Vous trouverez ci-dessous la réponse complète du camp de Washington :

« Les récentes déclarations publiques d’EVEN et de ses représentants dénaturent un échange de texte unique et hors contexte dans une tentative apparente de détourner l’attention du fond de la plainte fédérale de M. Washington.

Notamment, EVEN n’a pas nié clairement et complètement les allégations de discrimination et d’erreurs de classification formulées dans la plainte de M. Washington, y compris les cas présumés concernant l’intégrité des données, les fausses déclarations aux investisseurs et aux partenaires, ou les tentatives de commettre des actes de violence contre leurs concurrents. Au lieu de cela, l’entreprise a tenté de recadrer le différend en utilisant une sémantique sélective et une représentation incomplète des archives publiques.

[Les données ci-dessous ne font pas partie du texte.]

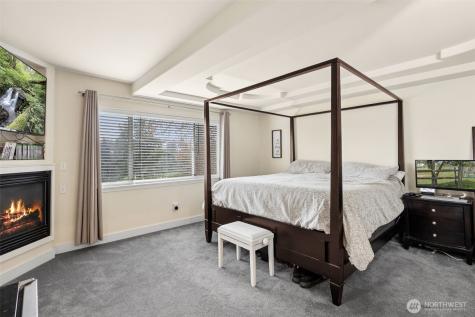 3630 Spyglass Drive NE Tacoma WA 98422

Pour éviter tout doute, l’échange de texte que EVEN souligne est daté du 30 octobre 2024 et reflète M. Washington faisant référence à son statut d’emploi au moment de l’incident présumé d’infraction à Babygrande (26 août 2024), et non un aveu général sur son statut à tout moment. Toute suggestion contraire est trompeuse.

De plus, le dossier public (Dossier 171) contient des pièces supplémentaires que les représentants d’EVEN ont omis lors de la présentation du dossier aux médias. Ces pièces à conviction incluent une capture d’écran prise le 2 octobre 2024, dans laquelle Mag Rodriguez a envoyé un message à M. Washington à 19 h 14 : « Vous êtes d’accord avec ce truc de paiement en tant qu’entrepreneur ou non », suivi d’un message à 19 h 17 indiquant : « 7 200 $ par mois (…) 0,2 % de capitaux propres supplémentaires (…) À temps plein (…) Directeur du développement commercial ». Ces expositions démontrent les problèmes de chronologie et de classification que MÊME tente maintenant d’obscurcir.

EVEN s’efforce une fois de plus de dénaturer la citation de M. Washington selon laquelle il a été « ajouté au hasard » au procès, ce qui reste cohérent avec sa position documentée au rôle de la Cour, selon laquelle il a été mal rejoint dans l’affaire de contrefaçon Babygrande contre Mag Rodriguez / EVEN.

En outre, le même dossier auquel le représentant d’EVEN fait référence (dossier 129) comme étant prétendument « en contradiction » avec le statut d’emploi de M. Washington inclut l’accord de directeur du développement commercial de M. Washington, signé dans le cadre de l’offre « à temps plein » décrite ci-dessus. Cet accord a été inscrit au dossier de Babygrande par les propres avocats d’EVEN. En conséquence, les affirmations selon lesquelles ce dossier « mine » la position de M. Washington sont manifestement inexactes et omettent le contexte clé déjà présent dans les archives publiques.

Enfin, le récit médiatique actuel d’EVEN est contredit par les propres avocats d’EVEN, qui ont reconnu que l’implication de M. Washington dans l’affaire Babygrande (Affaire 1:24-cv-06785) était inappropriée. Dans une lettre soumise par les avocats d’EVEN soutenant (Dossier 99) la requête en rejet de M. Washington, l’avocat d’EVEN a expressément demandé le rejet de toutes les réclamations contre M. Washington, déclarant :

“Pour ces raisons et celles exposées dans la requête en rejet de Washington, MÊME les défendeurs demandent respectueusement à la Cour de rejeter toutes les réclamations contre M. Washington avec préjudice.” — L’avocat d’EVEN, David Leichtman (30 juin 2025)

Ce dossier formel devant le tribunal entre en conflit irréconciliable avec les tentatives ultérieures de présenter M. Washington comme le « point mort » ou le « cœur battant » de ce litige.

M. Washington abordera toutes les questions devant le forum approprié : un tribunal. Ce sera la dernière clarification publique de M. Washington concernant les récits médiatiques changeants d’EVEN. Il attend avec impatience une justification par le biais du processus judiciaire et encourage EVEN et Mag Rodriguez à se concentrer sur la réponse au litige en cours plutôt que de publier des commentaires trompeurs aux médias.